When you're looking to hire a DJ, no matter what the event, you probably have come up with some questions that are the typical, expected ones. You can find questions like these on any number of websites to help you plan your event. But consider asking them some less common, but just as important, questions that will tell you a whole lot depending upon their response, and possibly save you a lot of time and aggravation down the line.
1. What do you wear to an event?
I attended a wedding not too long ago where the DJ wore an untucked, button-down shirt that was opened to his chest, displaying his gold bling, over jeans. Now, it may be the case that the bride and groom informed the DJ that the reception was informal (although it didn't appear that way from the rest of the guest's wardrobe -- including my own), but I doubt it. Knowing the couple as I did, I think that this was just the DJ's choice of attire and it was a question that my friend had not asked the DJ prior to hiring him. By the DJ dressing that way, it came off (to me, at least) as a sign of disrespect, as though the wedding were not important. I'm not saying you have to wear a tux (I don't), but you also don't want to look like you just rolled out of bed.
2. How does your ¨DJ booth¨ look?
I don't think there's anything more unsightly than a bunch of loose wires and cables running all over the place at the DJ's booth/table. Like the DJ attire mentioned above, this may just be a personal preference; however, keep in mind that if your DJ is located close to the dance floor, any unsightly cables, signs/banners, or even lights, can be an eyesore to your guests, or even worse, in your pictures. Some DJs use a facade to hide such wires, but sometimes it's taken a step further by adding lights behind it to give it a more ¨clubby¨ look which may or may not suit you depending on your tastes.
3. Will there be a way to reach you on the day of the event?
I give all my clients my direct cell phone number, in case there are any last-minute changes. I also ask for theirs in return, so that if anything were to happen on my end (knock on wood), they'd know immediately.

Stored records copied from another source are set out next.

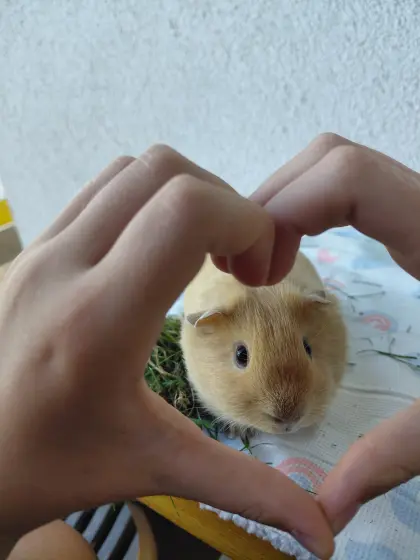 2 süße Meerschweinchenböckchen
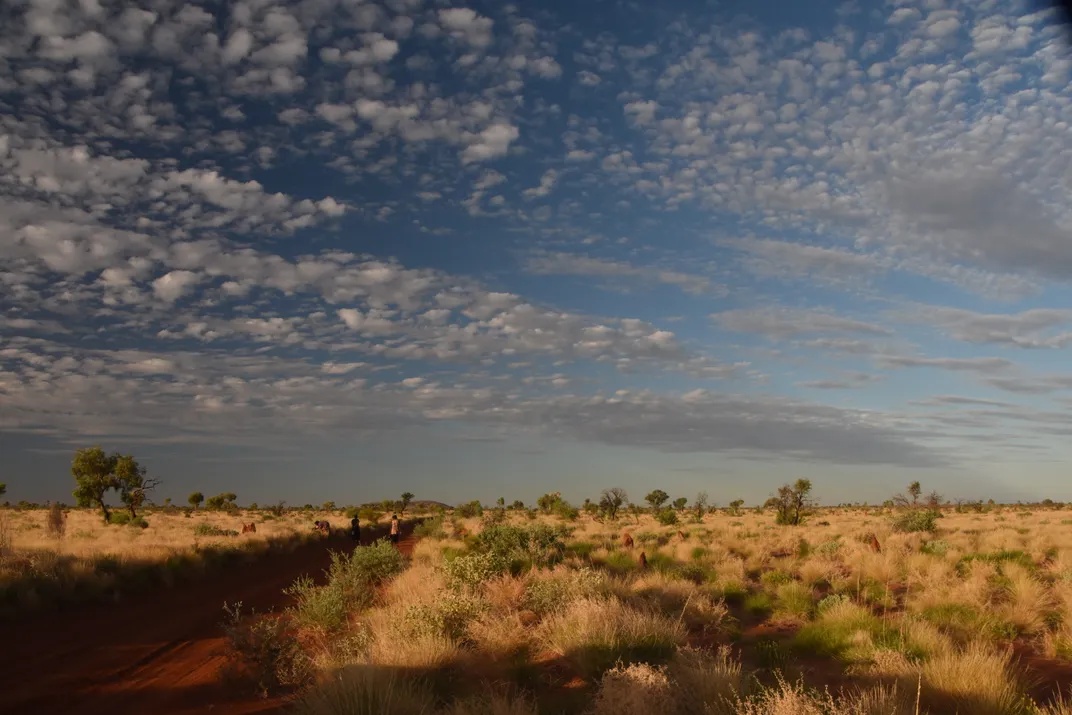 Australia's Western Desert Art Movement Turns 50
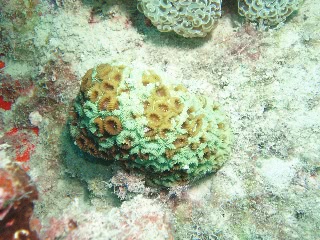 「サンゴの仲間」のサムネイル画像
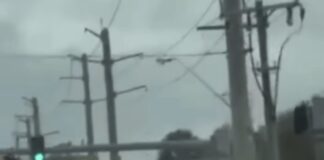 Impactante choque en Florida: un auto sale volando tras brutal accidente captado en video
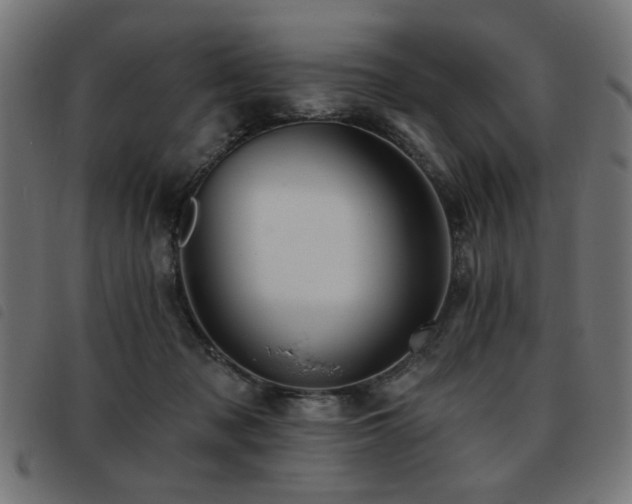X0000093450317200710121359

4. How do you interact with guests who may approach you?
There are two types of DJs: the ones who think they are God-like and don't want anything to do with the guests, or the ones who enjoy talking to the people in attendance. (Can you guess which one I am?). The way your DJ interacts with people says a lot about their professionalism, and can really help inspire people to celebrate, or, conversely, kill an otherwise happy atmosphere.
5. Do you use any sort of autoplay mode so you do not have to be at the booth?
With such terrific technology, DJs can program up a list of songs, and set it to autoplay. Your DJ should only leave to use the bathroom or, perhaps, have their meal (although many DJs, like me, will eat nearby their booth). Do you want a DJ who steps out for frequent smoke breaks, or to make phone calls? While the program may run fine without the DJ nearby, there's always the chance of a glitch occuring, or a current musical theme isn't working and needs to be changed up. You're paying the DJ for his/her time, so you should get what you expect.
6. Do you make your playlist ahead of time? How committed to that list are you?
It's always good to prepare ahead of time. Making a playlist beforehand is never a bad thing to work off of, but the DJ should not be bound to that list. A DJ should use that list just as a starting point and work from there, gauging the crowd and making changes to the list as need be depending upon the flow of the night.
There's no such thing as asking too many questions of your DJ. You're not only putting down a lot of money, but it may be one of the biggest days of your life. Make it about you, not the DJ, and you'll save yourself time, and perhaps tears, down the line.